**BRIEF:**
Print nothing except the line holding "My Social Battery" and the lines that come after it in the material below, and leave the pictures out.

**** EXERCISE MATERIALS

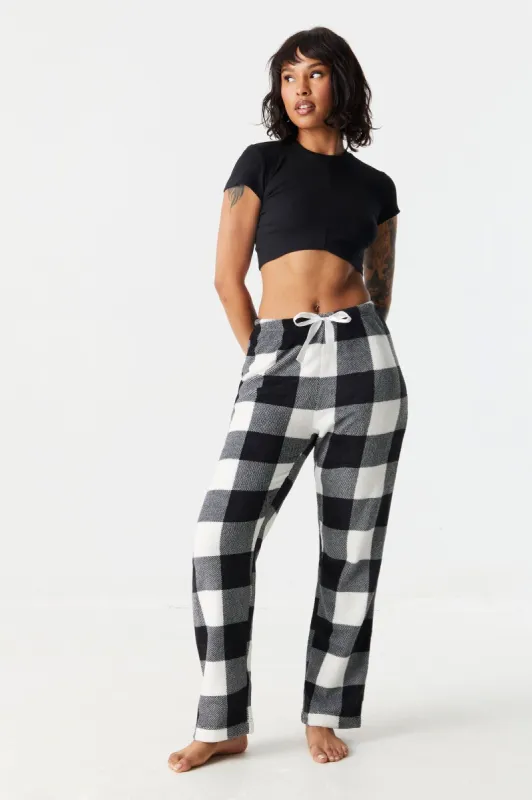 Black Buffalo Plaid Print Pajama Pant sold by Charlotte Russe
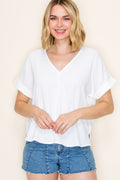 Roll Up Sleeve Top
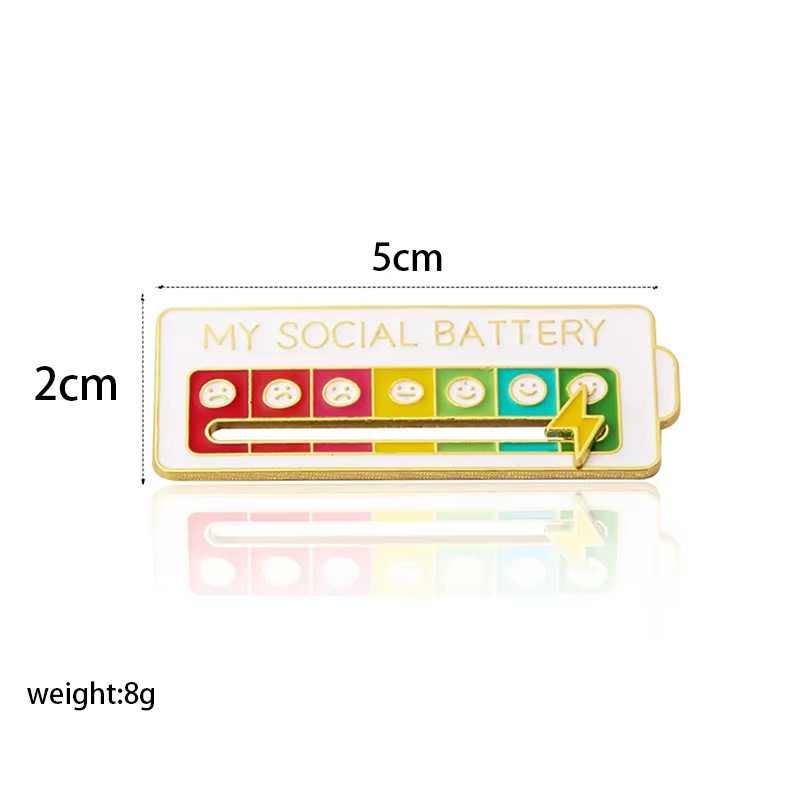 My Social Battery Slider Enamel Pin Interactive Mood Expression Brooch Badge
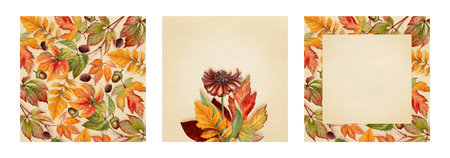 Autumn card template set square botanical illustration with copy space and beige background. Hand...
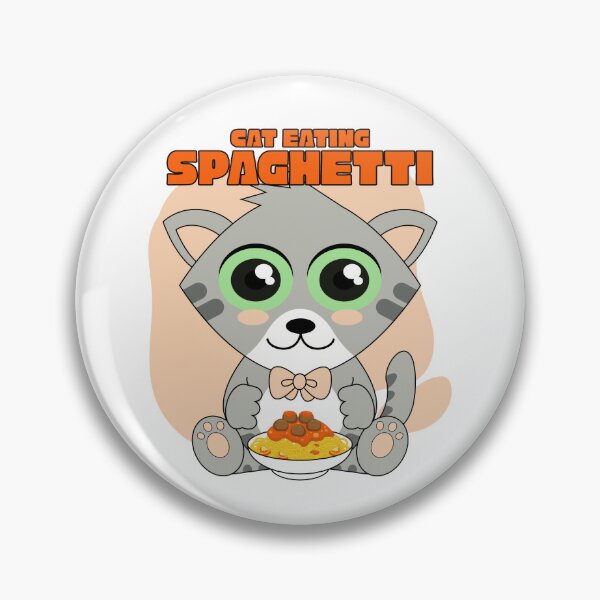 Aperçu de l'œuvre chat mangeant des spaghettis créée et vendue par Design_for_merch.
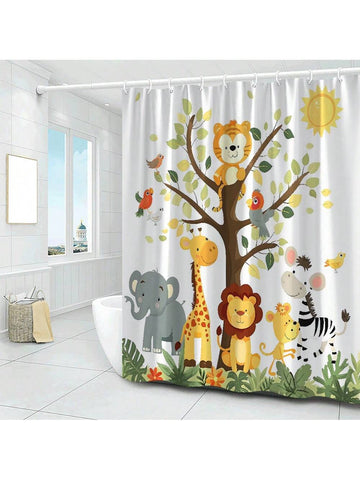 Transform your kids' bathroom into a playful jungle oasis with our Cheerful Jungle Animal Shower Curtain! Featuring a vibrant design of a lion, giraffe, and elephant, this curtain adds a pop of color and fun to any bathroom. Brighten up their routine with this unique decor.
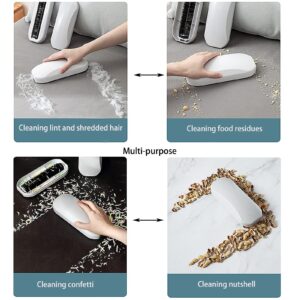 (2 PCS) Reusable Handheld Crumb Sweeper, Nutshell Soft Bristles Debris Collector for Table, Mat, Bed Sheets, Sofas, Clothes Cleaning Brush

********

**RESPONSE BOX:**
 My Social Battery Slider Enamel Pin Interactive Mood Expression Brooch Badge
 Autumn card template set square botanical illustration with copy space and beige background. Hand...
 Aperçu de l'œuvre chat mangeant des spaghettis créée et vendue par Design_for_merch.
 Transform your kids' bathroom into a playful jungle oasis with our Cheerful Jungle Animal Shower Curtain! Featuring a vibrant design of a lion, giraffe, and elephant, this curtain adds a pop of color and fun to any bathroom. Brighten up their routine with this unique decor.
 (2 PCS) Reusable Handheld Crumb Sweeper, Nutshell Soft Bristles Debris Collector for Table, Mat, Bed Sheets, Sofas, Clothes Cleaning Brush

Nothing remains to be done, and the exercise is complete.